Taking time to understand each stage can help an individual recognize the lead-up to an unfortunate alcohol relapse. This knowledge can help an individual appropriately respond to intense cravings and triggers and achieve long-term abstinence from alcohol. Stages of relapse include:
- Emotional relapse: An individual may not be thinking about when they are going to use again but rather daydream about their last relapse. Although they think about the last time they drank alcohol, they still have zero intention of drinking in the future. Denial is a major part of the first stage of relapse.
- Mental relapse: Poor self-care and extended emotional relapse can transition into this stage. As tension increases, an individual may think more about consuming alcohol. Part of the individual wants to drink and part of them does not want to.

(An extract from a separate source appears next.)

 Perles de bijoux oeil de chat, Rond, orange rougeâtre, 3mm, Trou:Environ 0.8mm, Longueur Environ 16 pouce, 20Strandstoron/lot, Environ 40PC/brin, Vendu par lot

- Physical relapse: This stage is where an individual starts to physically drink again. Once an individual starts to drink alcohol, they begin to drink excessively, leading to a relapse.
Self-Help Strategies to Move Forward From an Alcohol Relapse
It can be difficult to move on from an alcohol relapse. Once a relapse occurs, an individual may feel a whirlwind of negative emotions, which can often lead to further alcohol use. Negative feelings related to a relapse can consume a person’s mind, leading to excessive alcohol consumption and reentering the addiction cycle.
It can be incredibly difficult to move forward from an alcohol relapse, but certain strategies may help a person gradually recover and start over. Helpful strategies that may provide ongoing benefits include:
- Participating in a healthy self-care routine
- Communicating with a specialist
- Attending support groups with like-minded individuals
- Participating in sober activities
- Assessing what triggered the relapse
- Recognizing the progress that has been made
- Reaching out for further support
The Importance of Forgiving Oneself
One reason an individual may lapse is due to their difficulty managing the intense symptoms related to their condition. This is true for many people with bipolar disorder. Unfortunately, drinking can worsen mental health conditions like bipolar disorder. However, it doesn’t help to beat oneself up for having a relapse. Reaching for a substance was an attempt to feel better, which is understandable. It is important to learn to forgive oneself for a relapse.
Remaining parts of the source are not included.